■ Supplied data

===============

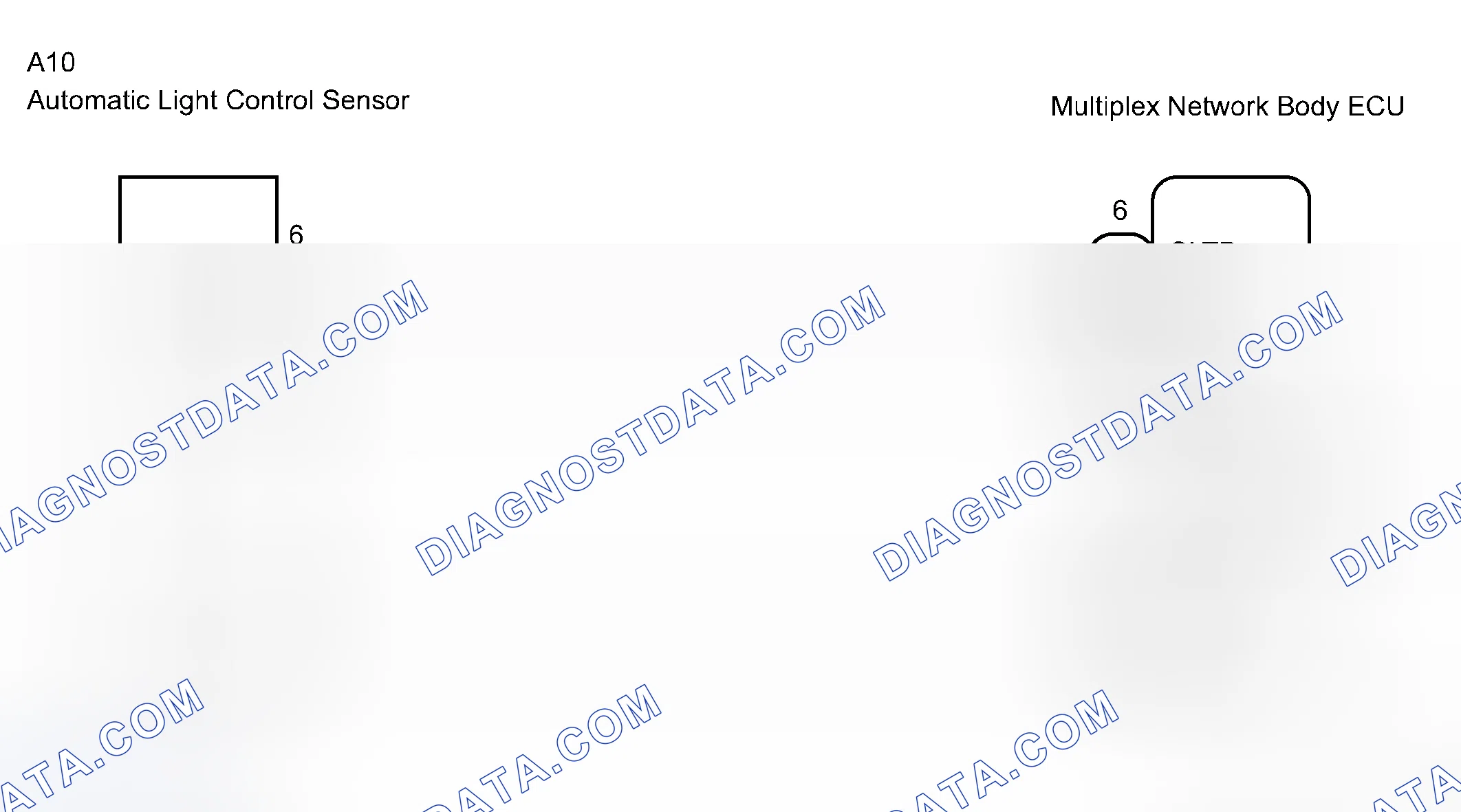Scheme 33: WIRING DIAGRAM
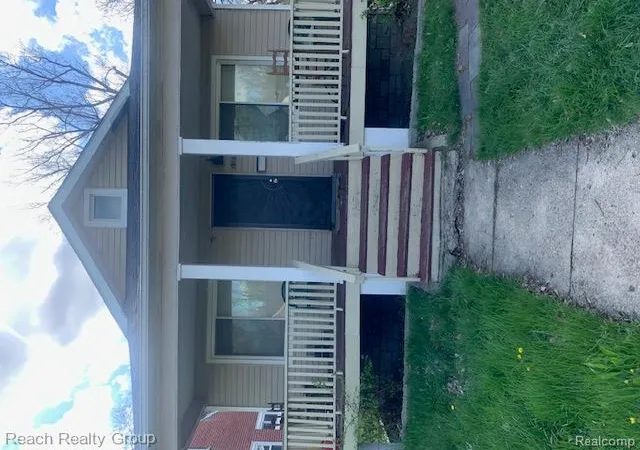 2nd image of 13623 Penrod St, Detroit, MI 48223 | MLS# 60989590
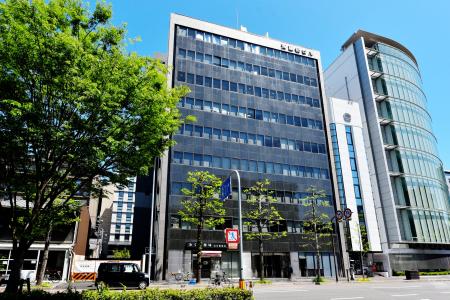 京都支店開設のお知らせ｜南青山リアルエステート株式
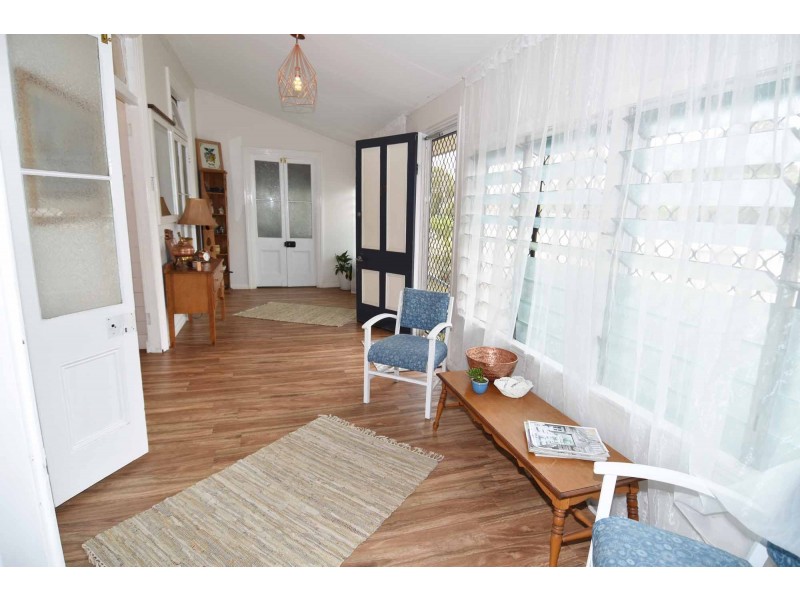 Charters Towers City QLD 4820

===============

■ Problem requirements
Before you return the listing, strip out its pictures; all else must match exactly.

■ Answer for the task
Scheme 33: WIRING DIAGRAM
 2nd image of 13623 Penrod St, Detroit, MI 48223 | MLS# 60989590
 京都支店開設のお知らせ｜南青山リアルエステート株式
 Charters Towers City QLD 4820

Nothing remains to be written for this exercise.